Hakan Sonok
Kamala Harris başkan seçilirse ABD'ne Komünizm gelecek mi?
1
İş Bankası kurucusu, ekonomi bakanı, Başbakan ve Cumhurbaşkanı olarak görev yapmış Celal Bayar yaşamının son döneminde verdiği çoğu demeçte "Bu kış ve her zaman, kuzeydeki komşumuzdan Komünizm bize de gelebilir...Allah muhafaza...Allah bizi korusun!" demekteydi...
Celal Bayar’ın Yassıada’daki Savunma Konuşmasından Bir Bölüm:
“Atatürk’ün mesaisinde bizim de bir gölgesi olarak mesaimiz vardır. Yalnız bu kabûl edilsin, Atatürk’le ölünceye kadar beraber bulunuyorduk. Hatta son nefesinde “Evlâdım sana emanet,” demişti. Atatürk inkilaplarına karşı kötü muamele yaptığımız iddiası bize verilecek en büyük cezadır. Ben asılmaya razıyım; zaten yaşamımın sonundayım. Yalnız Atatürk inkilaplarına kötü muamele yaptığımız bize söylenmesin .Bizim ne gibi bir muamele yaptığımızı tarih kaydetmiştir. Bu imtiyaz asla elimizden alınamaz. Atatürk’le beraber memlekete hizmet ettiğimi ve onun bana olan itimadını herkes bilir.”
1958’de İstanbul’da et sıkıntısı baş gösterince Başbakan Adnan Menderes, tek parti dönemini adres göstererek Türkiye siyasi tarihinde köklü bir geleneği de başlatmış olur.
1958 bütçe konuşmasına Başbakan Menderes bugün çok aşina olduğumuz bir soruyla, “Onların zamanında bakalım et var mıydı, yok muydu?” diye başlar. Tabii CHP sıralarından “Yok, daha neler!” nidaları eşliğinde. “1950’ye nazaran acaba Türkiye kasaplık hayvanların mevcudu bakımından geri mi, yoksa daha ileri mi gitmiştir? Evvelâ, bunu gözden geçirelim: 1950’de kasaplık hayvan mevcudu 51 milyon, 1957’de 66 milyon. Demek ki, 15 milyonluk bir tezayüt (artma, çoğalma) var” diyen Menderes, “onların zamanının” ne kadar korkunç olduğunu kanıtlamak için o günün iktidar destekçisi Vatan, Yeni Sabah ve Hürriyet gazetelerinden haber spotları okur.

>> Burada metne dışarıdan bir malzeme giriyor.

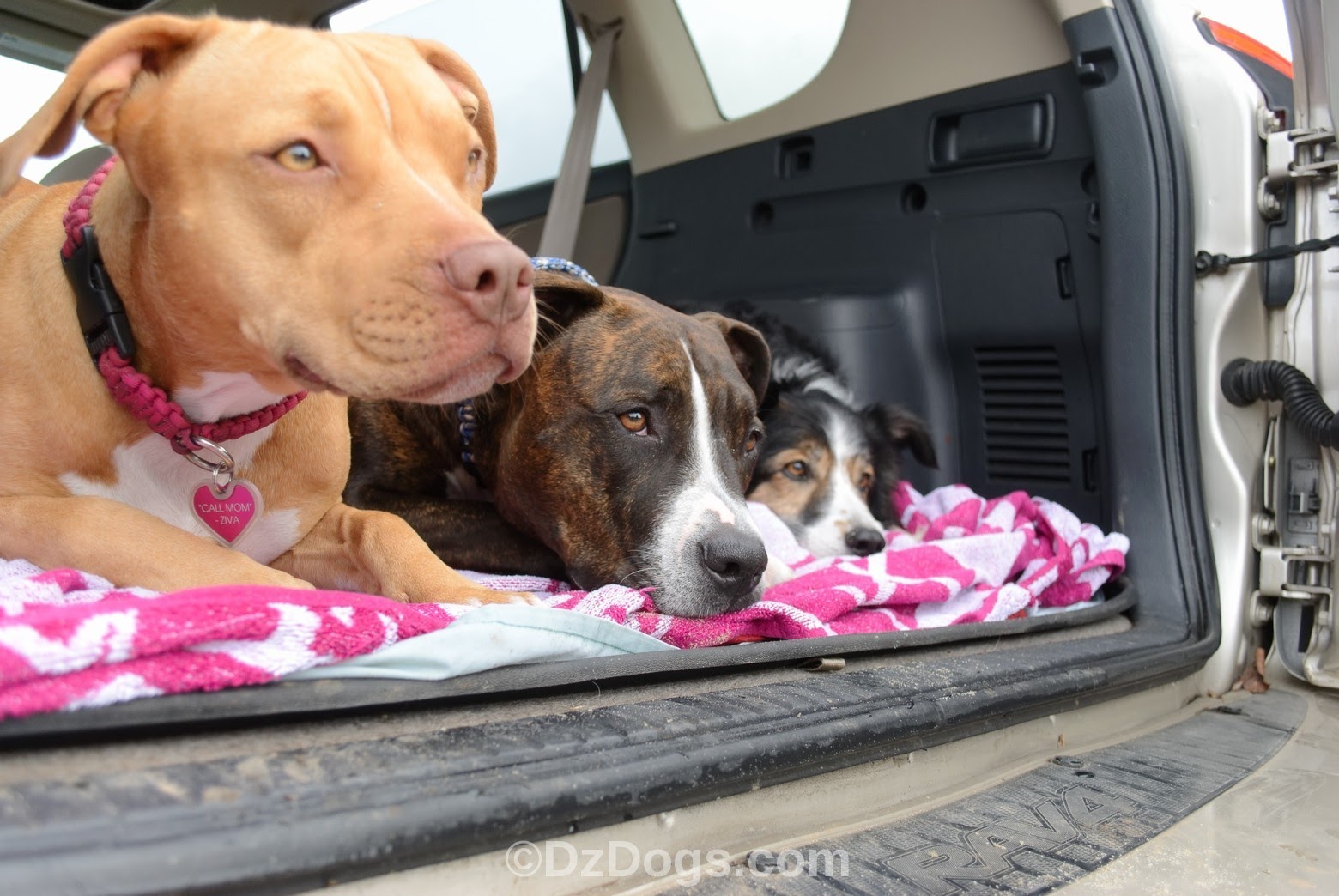 DZ's Adventures Petsmart & Pit Bull Type Dogs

O sırada muhalefette olan CHP’nin protestoları arasında Menderes, “1949’da vaziyet işte bu idi. 1957’de daha iyi bir duruma girmiş bulunuyoruz. Takip edilen iktisadî politikanın efkârı umumiyeye doğru ve isabetli şekilde aksettirilmesi, demokratik rejimde büyük ehemmiyet arz eder” diye devam eder konuşmasına...
2
5 Kasım 2024 ABD başkan adayı Donald Trump ise diğer ABD başkanı adayı Kamala Harris ABD halkı tarafından seçilirse ABD'ne Komünist bir düzenin gelebileceği iddiasıyla Amerikan seçmenlerini korkutarak kendine oy vermeye davet ediyor...Trump "Kamala Harris bir Komünist gibi konuşuyor" dedi...
Harris'in açıkladığı hedefleri "Sovyetler Birliği'nin ekonomik sistemine" benzeten Trump, "Kamala, konuşmasında tam bir komünist gibiydi. Yoldaş Kamala, sosyalist fiyat kontrolleri uygulamak istediğini açıkladı. Bunun daha önce hiç işe yaramadığını gördünüz." şeklinde konuştu.

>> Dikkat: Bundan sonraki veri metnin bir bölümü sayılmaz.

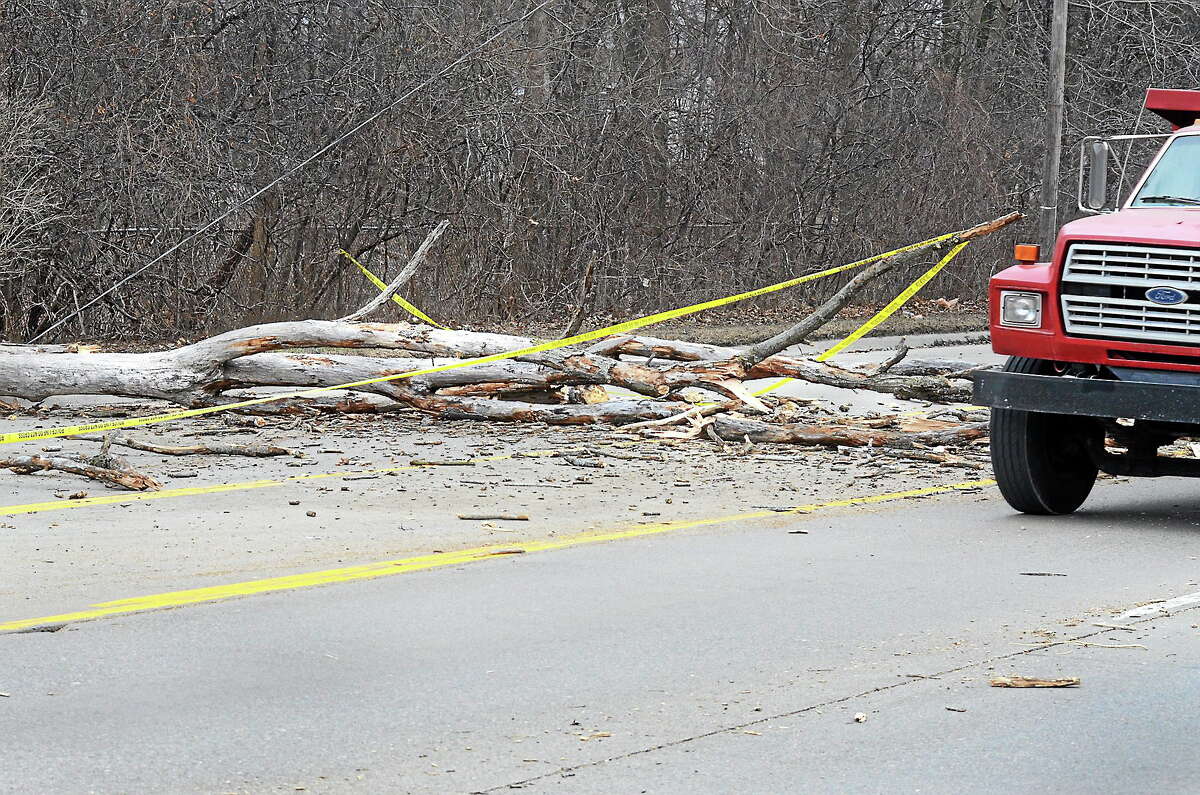 A downed treecovers the eastbound lanes of Highland Road in Waterford Township. Monday, April 14, 2014. Tim Thompson-The Oakland Press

ABD başkanı Joe Biden ise "Trump daima kendi çıkarlarını Amerikan çıkarlarından önde tuttu" dedi...
Japonya'da yıllık enflasyon oranının % 2,6, yıllık gıda fiyatları artış oranının % 6,7 oranında olması başbakanın istifasına yol açarken, ABD'nde yıllık % 3 enflasyon facia olarak tanımlanıyor…
21 Temmuz 2024 öncesindeki ankette (kaynak: New York Times gazetesi) Trump Biden'a karşı % 18 puanlık bir üstünlüğe sahipken, Biden'ın 21 Temmuzda anket sonuçlarını görerek ve yeniden ABD başkanı seçilemeyeceğini anlayarak adaylıktan çekilmesiyle birlikte şu sıralarda Trump Harris'ten % 8 puan önde...Harris yavaş yavaş arayı kapatıyor…

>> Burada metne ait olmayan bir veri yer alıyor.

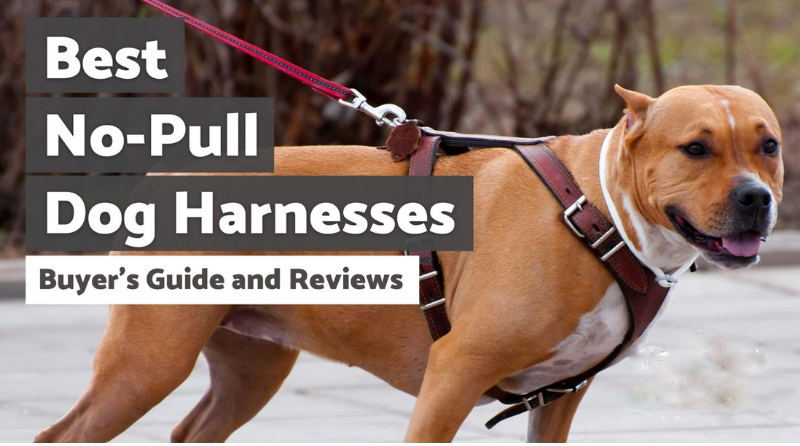 Best No Pull Dog Harnesses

Joe Biden'ın başkanlığı devralmasından bu yana enflasyonun ilk kez yüzde 3'ün altına düşmesiyse 5 Kasım 2024 ABD başkanlık seçimleri öncesinde Demokrat Partili başkan adayı Harris'e moral kaynağı oldu…
ABD'nde evlenme ve düğün maliyetleri artarken bazı çiftler çareyi davetlilerden düğüne katılım ücreti talep ediyor...New York Times'ın haberine göre geçen yıl ABD'de bir düğün yapmanın ortalama maliyeti 35 bin dolardı ve artık damat ve gelinler davetlilerden yüzlerce dolar düğüne katılım ücreti istiyor...Yani artık bilet kesiyorlar…
The Ten Commandments-On Emir (1956) filminin yaklaşık 171 milyon seyirciye ulaştığı Kuzey Amerika (ABD & Kanada) istatistiklerine bakıldığında 2024'te 11 dolarlık ABD sinema bileti fiyatının ABD vatandaşlarını her yıl daha az sinemaya gitmek zorunda bıraktığını gösteriyor...Evet korkunç enflasyon canavarı 1956'da yarım dolar (0,50 dolar) olan sinema biletinin 2024'te yaklaşık 11 dolara yükselmesine yol açtı...Yani sinema bilet fiyatı 22 kat arttı...
Demokrat partinin ABD başkan adayı Kamala Harris ABD vatandaşlarının ilk evlerini satın almalarına yardımcı olmayı, dar gelirliler üzerindeki devasa vergi yükünü azaltmayı, dev şirketlerin birbirleriyle evlenerek, kartelleşerek nihai tüketici aleyhine ürünlerinin fiyatlarını rekabetsiz ortamda belirlemelerini önlemeyi ve temel ilaçları ucuzlatmayı vaad ediyor…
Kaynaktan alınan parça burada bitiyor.